In the September 9, 2008 issue of The Wall Street Journal, as awareness of the global financial crisis was widening and deepening, I predicted that of the countless lawsuits filed by real estate buyers hoping to recoup their initial deposits of preconstruction, among those with the highest probability of success were scenarios in which the developer was unable to deliver the project on time.
While there is no sure way to test this forecast, I have a feeling that for the most part, it is proving to be true. Take, for example, a recent opinion from the Eleventh Circuit, the highest federal appeals court with jurisdiction over Florida, which has been instrumental in setting the tone for the latest wave of real estate litigation. On Harvey v. Lake Buena Vista Resort, LLC, 2009 WL 19340 (11th Cir. Jan. 5, 2009), the Eleventh Circuit upheld the lower court’s order to refund deposits paid for the purchase of a condo in Orlando, and found that the developer had breached the contract for purchase by not delivering the unit in a timely manner. In particular, the Eleventh Circuit left the developer zero room to deviate from the promised two-year construction schedule. While the developer obtained a certificate of occupancy only five days after the two-year deadline, the court held that this was too late as a matter of law, despite the defendant testifying that the additional five days were attributable to an outside matter. of your competition. control: the unusually slow processing of a necessary road permit.
Tellingly, in reaching its conclusion, the Eleventh Circuit sidestepped another issue where the buyers had prevailed in the lower court, namely whether the developer had violated the disclosure provisions of the Total Land Sales Disclosure Act. Federal Interstates (ILSA) by not complying with both register the condominium with the United States Department of Housing and Urban Development (HUD) and deliver a federal Property Report to the buyers. As I wrote previously, federal courts have been notably reluctant to rule in favor of buyers on claims filed under ILSA, the violations of which are often considered hyper-technical and immaterial in cases where a project is delivered according to promises. declared by the developer.
In contrast, it is easy to see why the courts may have more sympathy for buyers in cases where construction has been unreasonably delayed. The calculation is simple: the longer a building goes unfinished, the longer the buyer’s deposits will have been on an uninhabitable and unlikely project.

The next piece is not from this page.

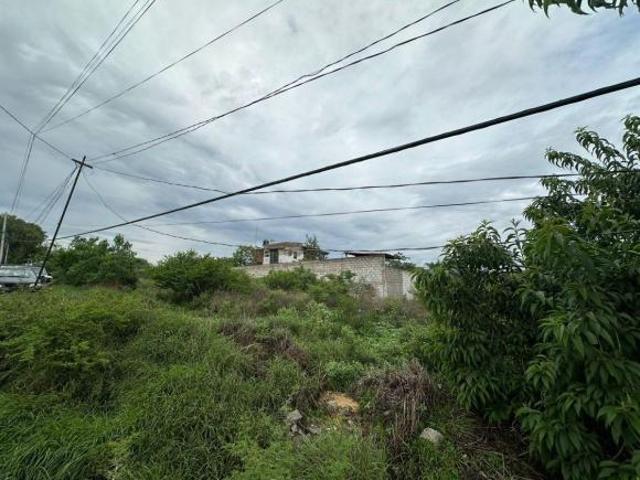 TERRENO HABITACIONAL EN VENTA, EN ESQUINA EN JURICA PUEBLO, QUERETARO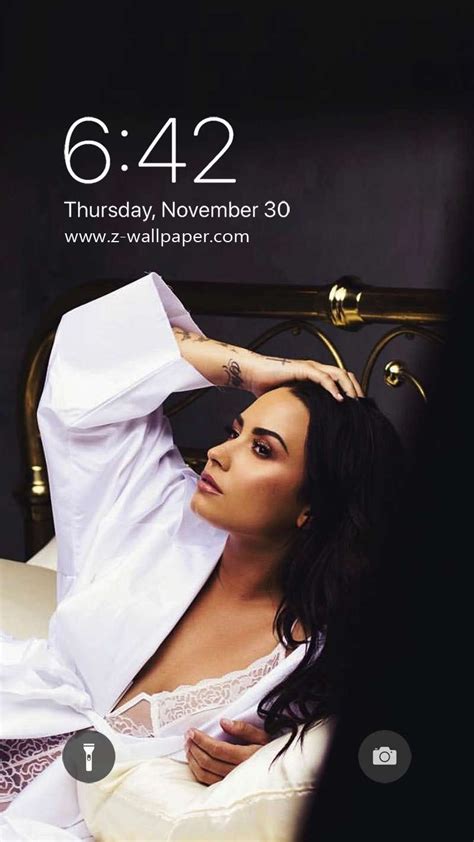 Z-Wallpaper | Demi Lovato Mobile Phone Wallpapers - CarOBook - Medium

And every day that the housing market remains mired in a historic recession only serves to exacerbate the disadvantage for the buyer. The recent but surprising series of foreclosure actions by lenders against developers tells a general story of builders with no funds to pay for loans, contractors or subcontractors. This means that the many projects yet to be completed across the country will not meet the completion deadlines set out in the contract, if they are completed, of course.
In practice, buyers with potential construction delay claims who have decided that they do not have Job’s patience should assert their legal claims as quickly and decisively as possible. While delay in construction may be a path to successful termination of a purchase contract, generally speaking, the longer one waits for legal action, the greater the chance that the developer can argue that the buyer, for your own delay, you have waived any legal claim.